Please transcribe the data that follows exactly as given, leaving out every picture.

- Information supplied
--

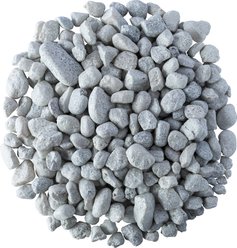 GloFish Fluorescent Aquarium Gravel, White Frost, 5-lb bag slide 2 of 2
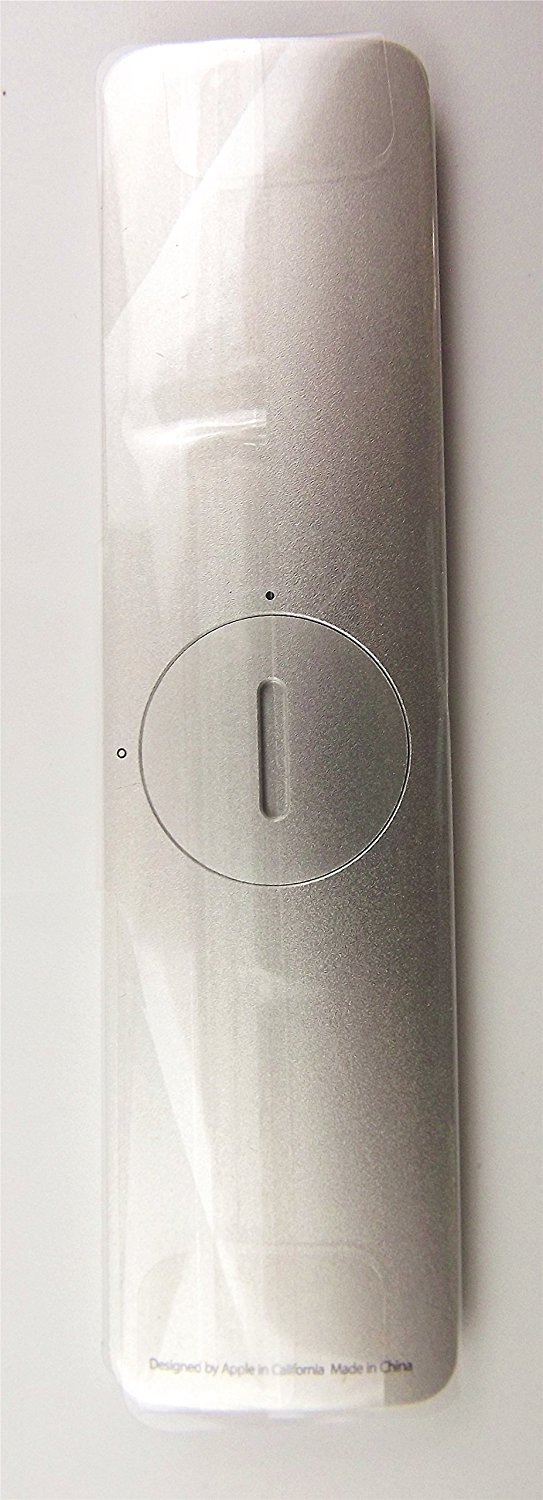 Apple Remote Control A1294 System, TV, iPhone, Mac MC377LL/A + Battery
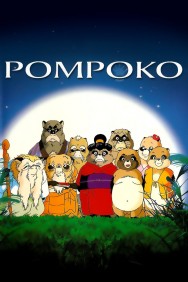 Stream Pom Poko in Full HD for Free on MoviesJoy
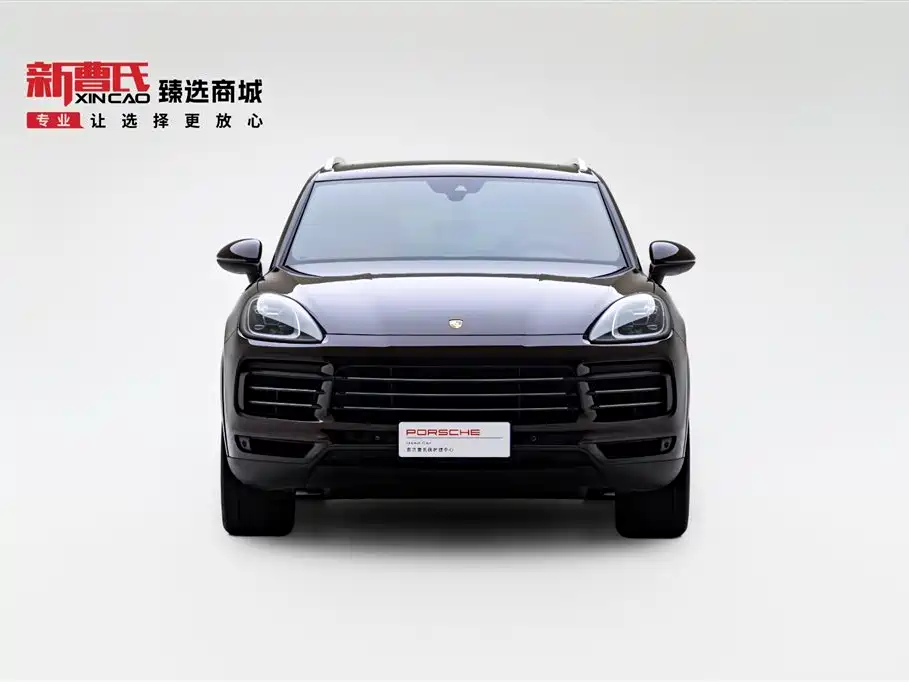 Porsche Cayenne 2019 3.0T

--

- Answer box
 GloFish Fluorescent Aquarium Gravel, White Frost, 5-lb bag slide 2 of 2
 Apple Remote Control A1294 System, TV, iPhone, Mac MC377LL/A + Battery
 Stream Pom Poko in Full HD for Free on MoviesJoy
 Porsche Cayenne 2019 3.0T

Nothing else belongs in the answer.